Mais je te parle beaucoup, j’aurais bien pu te mettre la lettre de tante, cela aurait été plus simple. C’est que je crains te t’encombrer ; si tu as des choses qui te gênent, renvoies les nous.
Je vais expédier un petit colis, je pense que maintenant le chemin de fer l’acceptera et qu’il ne te sera pas trop difficile d’aller le chercher à la gare, il ne sera pas encombrant.
Comment s’est passé cette fameuse interrogation ?
Il pleut, un vilain temps gris, qui n’impressionne pas favorablement les cœurs, non cela ne vous engage pas ; du moins à un peu d’optimisme. On se sent au contraire comme envelopper par cette eau et on a comme une gêne pour respirer.

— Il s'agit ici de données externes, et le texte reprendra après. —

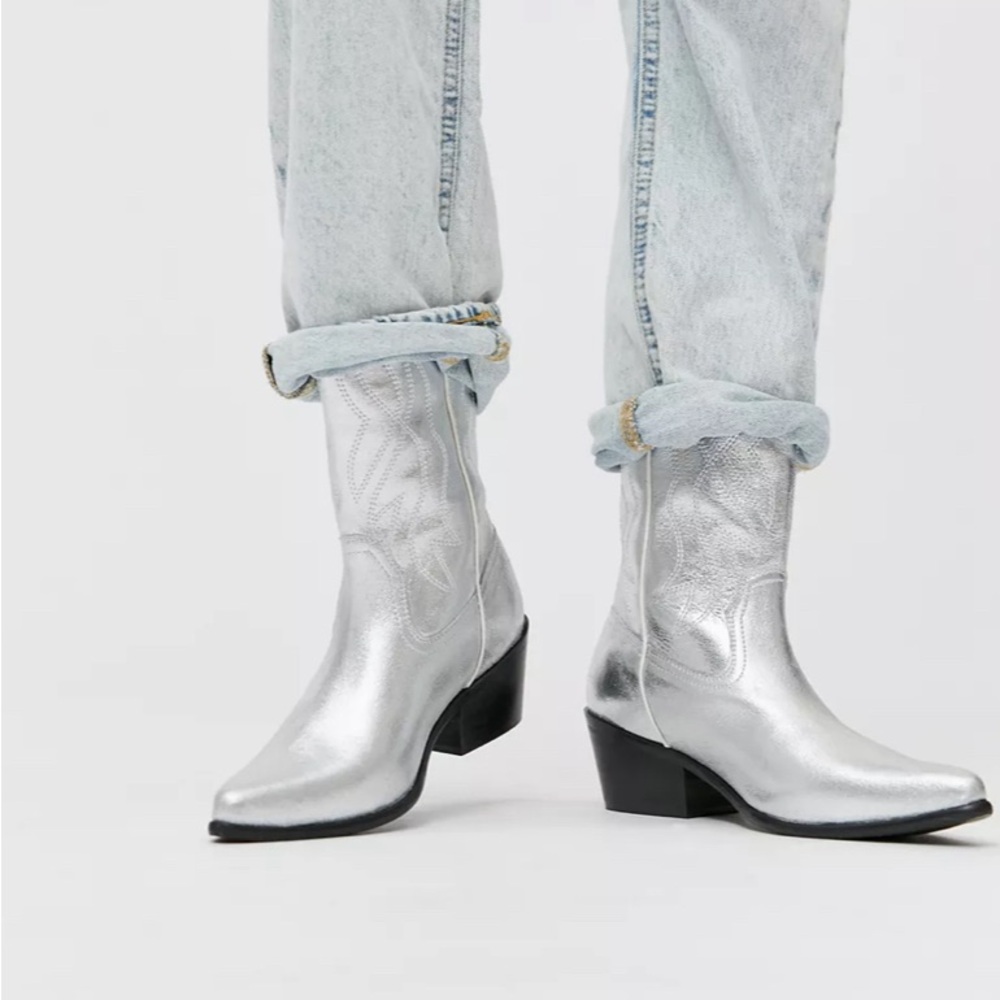 Urban Outfitters UO Leena Silver Metallic Cowboy Boot 9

Déjà plus d’une semaine que tu es parti ! Il me semble mon aimé que cette semaine a duré le double des autres ! J’ai beau m’occuper beaucoup, travailler pour Yves, pour le cher petit attendu, justement ces petits travaux ramènent encore plus vers toi ma pensée. Je regardais en rangeant des tiroirs de photographies que tu as prises à Meaux avec le château, il me paraît qu’à cette époque nous étions très jeunes ! Que des années et des années séparent ce temps là d’aujourd’hui. Je crois que je ne pourrais plus avoir jamais l’insouciance d’alors ; il y avait aussi des vues de Quiberon, nous y avons été si heureux, nous y avions passé de si bonnes vacances, nos randonnées sur la côte sauvage ! Comme tout cela est loin. Mais à quoi bon te rappeler ces souvenirs, tu étais comme moi, tu y avais souvent songé ! Dire que nous rêvions de voir petit Yves mettre ses petits petons dans l’eau salée hélas ! Quand viendra-t-il l’été où nous pourrons les voir s’amuser sur le sable, nos tous petits. Il y a des jours où l’on ne voit plus la fin de cette horrible guerre, où je désespère à d’autres instants je me prends à croire que les beaux jours reviendront qu’après l’épreuve nous retrouverons le bonheur d’autrefois, te sentir à nouveau près, tout près de moi, ne plus te quitter !
Mais il faut que je te dise encore une fois au revoir. Yves ne serait pas content si je ne lui laissais pas un peu d’espace pour laisser courir sa plume à son grès et t’envoyer son petit gribouillis habituel, à bientôt le plaisir de te lire mon aimé, je t’embrasse bien tendrement.
Tout à toi.
Emilie

soldat enfant[Ligne d’Yves] Mon papa chéri,
Je viens t’écrire une grande lettre. Je veux te dire beaucoup de choses, d’abord je pense bien à mon papa soldat et je voudrais bien t’aider à porter ton gros sac et tout ton barda, tes belles musettes ! pan ! Je voudrais faire l’échelle. Je voudrais aller dans la montagne avec toi. Je voudrais t’embrasser pour de bon. J’embrasse ta lettre, elle te portera mes baisers, mes grands-mères aussi t’embrassent.